George Loewenstein, professor of economics and psychology at Carnegie Mellon and a co-author of the study, said that the research implications for non-smokers were crucial: "If smokers can't appreciate the intensity of their need to smoke when they aren't currently craving, what's the likelihood that people who have never smoked can do so?"

As further evidence of this psychological mismatch, the researchers cite earlier work performed by the University of Michigan’s Monitoring the Future longitudinal study of 1993, "which found that although only 15% of respondents who were occasional smokers (less than one cigarette per day) predicted that they might be smoking in 5 years, 43% of them were, in fact, smoking 5 years later."

All things considered, it's better to make the quitting decision when you're hurting, not when you're high.
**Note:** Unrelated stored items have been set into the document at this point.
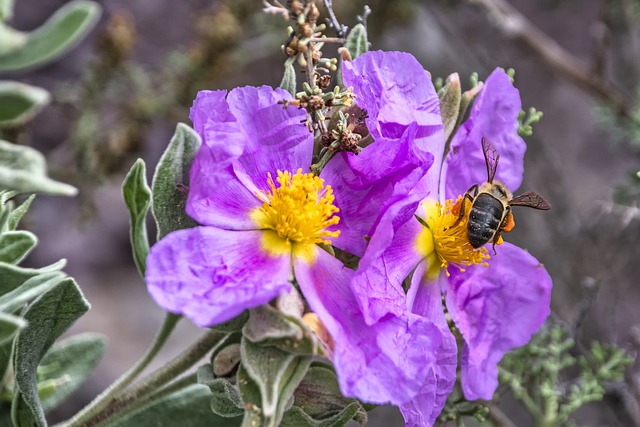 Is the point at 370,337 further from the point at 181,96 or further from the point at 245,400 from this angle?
the point at 181,96

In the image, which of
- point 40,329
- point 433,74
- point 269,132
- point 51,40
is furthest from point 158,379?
point 433,74

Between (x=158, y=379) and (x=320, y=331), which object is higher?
(x=320, y=331)

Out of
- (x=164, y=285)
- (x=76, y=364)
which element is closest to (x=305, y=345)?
(x=164, y=285)

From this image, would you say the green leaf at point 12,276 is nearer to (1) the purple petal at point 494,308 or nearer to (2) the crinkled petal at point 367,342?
(2) the crinkled petal at point 367,342

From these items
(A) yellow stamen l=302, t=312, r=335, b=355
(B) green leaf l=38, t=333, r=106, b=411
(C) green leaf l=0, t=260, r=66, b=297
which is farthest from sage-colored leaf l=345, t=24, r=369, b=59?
(B) green leaf l=38, t=333, r=106, b=411

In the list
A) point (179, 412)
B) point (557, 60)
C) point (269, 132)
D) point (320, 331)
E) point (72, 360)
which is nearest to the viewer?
point (320, 331)

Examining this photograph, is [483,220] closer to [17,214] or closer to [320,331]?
[320,331] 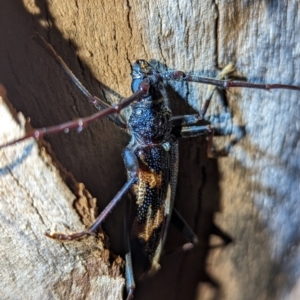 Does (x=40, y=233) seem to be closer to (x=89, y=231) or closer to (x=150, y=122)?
(x=89, y=231)

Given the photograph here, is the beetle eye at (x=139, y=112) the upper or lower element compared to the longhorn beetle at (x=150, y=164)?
upper

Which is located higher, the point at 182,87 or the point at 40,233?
the point at 182,87

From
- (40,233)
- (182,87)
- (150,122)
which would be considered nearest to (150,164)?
(150,122)

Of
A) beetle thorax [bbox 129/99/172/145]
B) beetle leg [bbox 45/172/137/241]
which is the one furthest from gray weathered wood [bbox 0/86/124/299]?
beetle thorax [bbox 129/99/172/145]

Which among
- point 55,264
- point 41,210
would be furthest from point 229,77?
point 55,264

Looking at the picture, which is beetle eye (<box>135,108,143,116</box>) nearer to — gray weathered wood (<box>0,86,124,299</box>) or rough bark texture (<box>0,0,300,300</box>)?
rough bark texture (<box>0,0,300,300</box>)

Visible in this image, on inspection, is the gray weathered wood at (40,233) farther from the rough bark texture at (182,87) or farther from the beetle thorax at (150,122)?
the beetle thorax at (150,122)

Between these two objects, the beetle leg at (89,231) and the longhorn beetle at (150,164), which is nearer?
the beetle leg at (89,231)

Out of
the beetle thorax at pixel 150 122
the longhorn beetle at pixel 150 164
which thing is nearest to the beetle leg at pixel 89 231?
the longhorn beetle at pixel 150 164

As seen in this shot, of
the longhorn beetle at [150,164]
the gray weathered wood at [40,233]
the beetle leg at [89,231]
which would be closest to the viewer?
the gray weathered wood at [40,233] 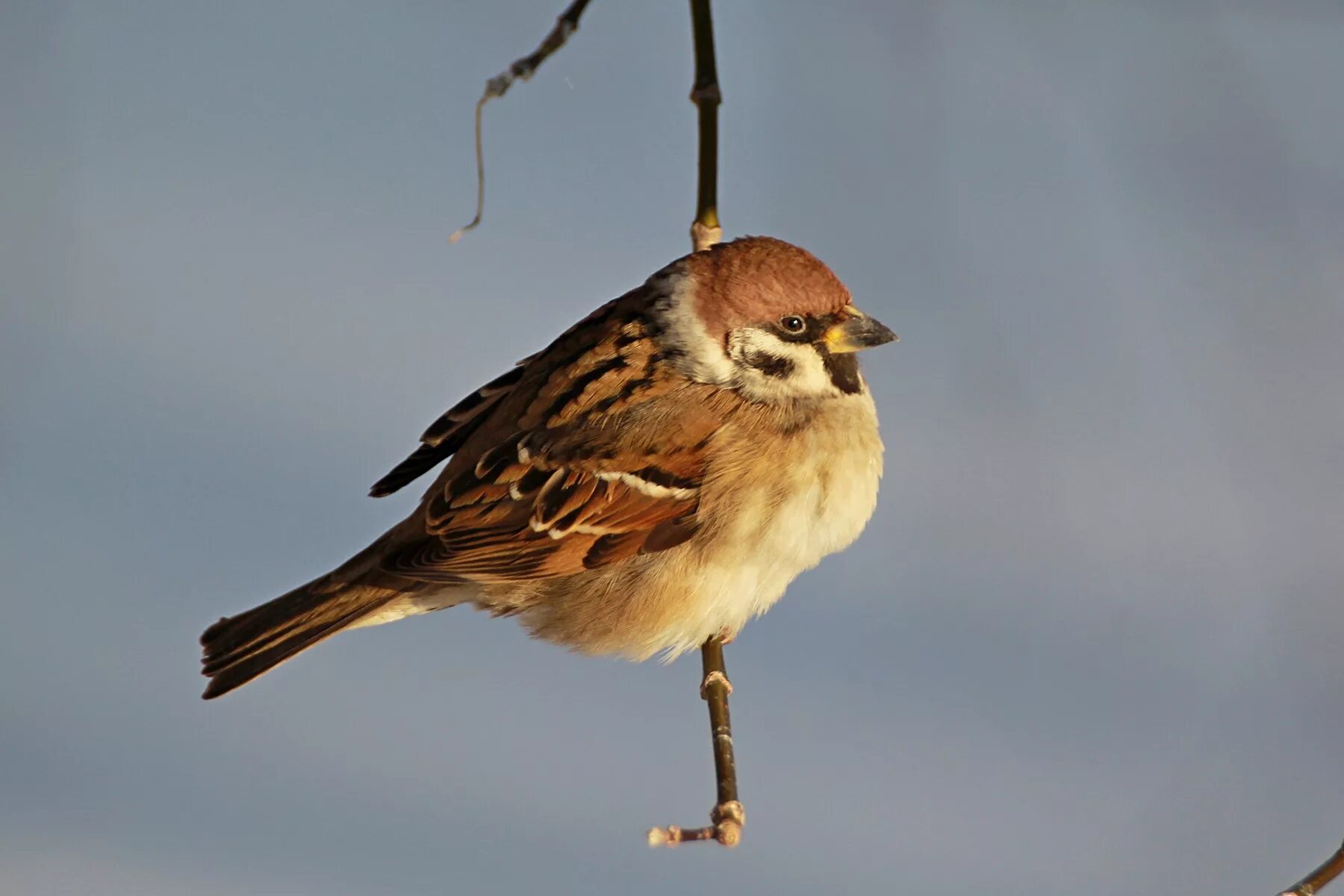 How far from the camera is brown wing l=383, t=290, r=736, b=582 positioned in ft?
9.52

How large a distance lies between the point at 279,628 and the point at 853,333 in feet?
4.31

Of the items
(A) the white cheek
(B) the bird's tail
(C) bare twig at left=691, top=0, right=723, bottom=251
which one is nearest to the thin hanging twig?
(C) bare twig at left=691, top=0, right=723, bottom=251

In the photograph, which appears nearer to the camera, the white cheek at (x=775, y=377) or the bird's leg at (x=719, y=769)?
the bird's leg at (x=719, y=769)

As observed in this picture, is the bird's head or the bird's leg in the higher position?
the bird's head

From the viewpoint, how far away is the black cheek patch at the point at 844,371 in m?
3.02

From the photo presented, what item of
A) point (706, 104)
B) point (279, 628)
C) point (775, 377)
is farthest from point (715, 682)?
point (706, 104)

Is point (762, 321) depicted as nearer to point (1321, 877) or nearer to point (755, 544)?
point (755, 544)

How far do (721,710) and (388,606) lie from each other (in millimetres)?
771

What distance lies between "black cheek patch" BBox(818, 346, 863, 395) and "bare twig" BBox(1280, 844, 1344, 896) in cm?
133

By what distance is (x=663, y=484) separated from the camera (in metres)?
2.92

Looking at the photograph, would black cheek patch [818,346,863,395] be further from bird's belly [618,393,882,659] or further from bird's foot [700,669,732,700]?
bird's foot [700,669,732,700]

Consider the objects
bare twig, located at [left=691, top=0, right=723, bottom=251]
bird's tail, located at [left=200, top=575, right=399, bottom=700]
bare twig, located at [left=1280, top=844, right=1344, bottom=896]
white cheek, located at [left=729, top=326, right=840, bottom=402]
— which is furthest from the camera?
white cheek, located at [left=729, top=326, right=840, bottom=402]

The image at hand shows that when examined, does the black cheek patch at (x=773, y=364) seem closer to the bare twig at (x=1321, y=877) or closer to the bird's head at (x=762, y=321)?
the bird's head at (x=762, y=321)

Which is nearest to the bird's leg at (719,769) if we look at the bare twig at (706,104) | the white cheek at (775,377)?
the white cheek at (775,377) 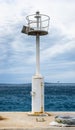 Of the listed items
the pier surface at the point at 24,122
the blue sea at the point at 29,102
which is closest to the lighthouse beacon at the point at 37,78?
the pier surface at the point at 24,122

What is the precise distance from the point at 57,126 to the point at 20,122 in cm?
165

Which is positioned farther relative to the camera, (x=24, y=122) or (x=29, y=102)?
(x=29, y=102)

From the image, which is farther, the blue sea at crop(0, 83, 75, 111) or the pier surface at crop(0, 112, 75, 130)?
the blue sea at crop(0, 83, 75, 111)

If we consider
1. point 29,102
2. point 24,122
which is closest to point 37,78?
point 24,122

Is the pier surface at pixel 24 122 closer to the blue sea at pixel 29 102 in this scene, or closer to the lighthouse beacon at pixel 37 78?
the lighthouse beacon at pixel 37 78

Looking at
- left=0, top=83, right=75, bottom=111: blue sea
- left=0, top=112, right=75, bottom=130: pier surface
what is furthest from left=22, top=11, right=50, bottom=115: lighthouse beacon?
left=0, top=83, right=75, bottom=111: blue sea

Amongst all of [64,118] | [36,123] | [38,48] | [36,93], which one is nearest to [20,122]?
[36,123]

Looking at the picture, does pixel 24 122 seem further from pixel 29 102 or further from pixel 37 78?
pixel 29 102

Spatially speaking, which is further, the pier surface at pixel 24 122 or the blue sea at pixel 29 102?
the blue sea at pixel 29 102

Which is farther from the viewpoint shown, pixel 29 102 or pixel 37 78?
pixel 29 102

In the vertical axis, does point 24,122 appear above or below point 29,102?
below

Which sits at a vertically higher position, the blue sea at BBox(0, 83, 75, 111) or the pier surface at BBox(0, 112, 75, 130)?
the blue sea at BBox(0, 83, 75, 111)

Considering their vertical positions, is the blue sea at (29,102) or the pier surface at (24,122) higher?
the blue sea at (29,102)

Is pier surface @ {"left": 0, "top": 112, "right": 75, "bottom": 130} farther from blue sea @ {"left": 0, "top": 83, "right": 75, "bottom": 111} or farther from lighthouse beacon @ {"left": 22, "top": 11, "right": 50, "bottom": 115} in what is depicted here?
blue sea @ {"left": 0, "top": 83, "right": 75, "bottom": 111} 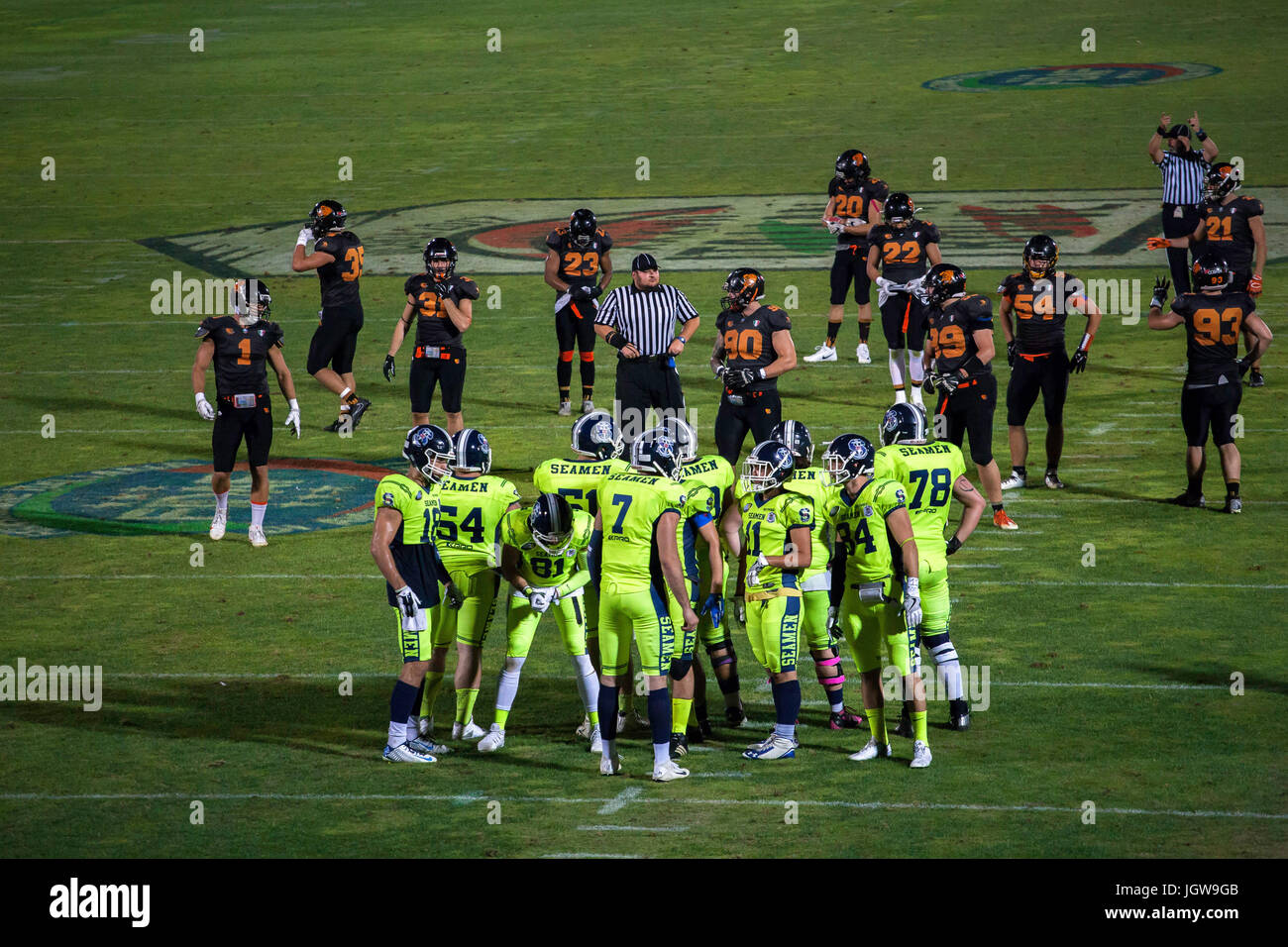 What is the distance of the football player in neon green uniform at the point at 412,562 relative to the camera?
339 inches

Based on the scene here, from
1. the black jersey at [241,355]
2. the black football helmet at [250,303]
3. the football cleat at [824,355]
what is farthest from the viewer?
the football cleat at [824,355]

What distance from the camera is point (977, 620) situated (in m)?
10.8

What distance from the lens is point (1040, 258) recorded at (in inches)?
520

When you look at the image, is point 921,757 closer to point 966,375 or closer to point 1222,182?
point 966,375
Graphic Credit: Florida State University

Wednesday, March 12, 2008

Drug Addiction and Dissociation


Where does the “self” go during active addiction?


Where does the everyday self go during active cycles of addiction? Addiction sometimes seems to resemble a waking trance, or autohypnosis. Psychologically, it is akin to a state of dissociation. The sense of self becomes impaired through the processes of intoxication, denial, neuroadaption, withdrawal, and craving. This impaired sense of self causes behavior that is baldly contradictory to the addict's core beliefs and values. Honest men and women will lie and steal in order to get drugs.

Webster’s Unabridged Dictionary defines dissociation, rather vaguely, as “the splitting off of certain mental processes from the main body of consciousness, with varying degrees of autonomy resulting.” How autonomous were you, consciousness-wise, the last time you got drunk and parked your car somewhere you couldn’t remember?

Dissociation may be part of the way consciousness itself adapts to chronic drug use. Richard S. Sandor, a thoughtful Los Angeles physician, helped to clarify many of these issues in an excellent essay some years ago in Parabola Magazine.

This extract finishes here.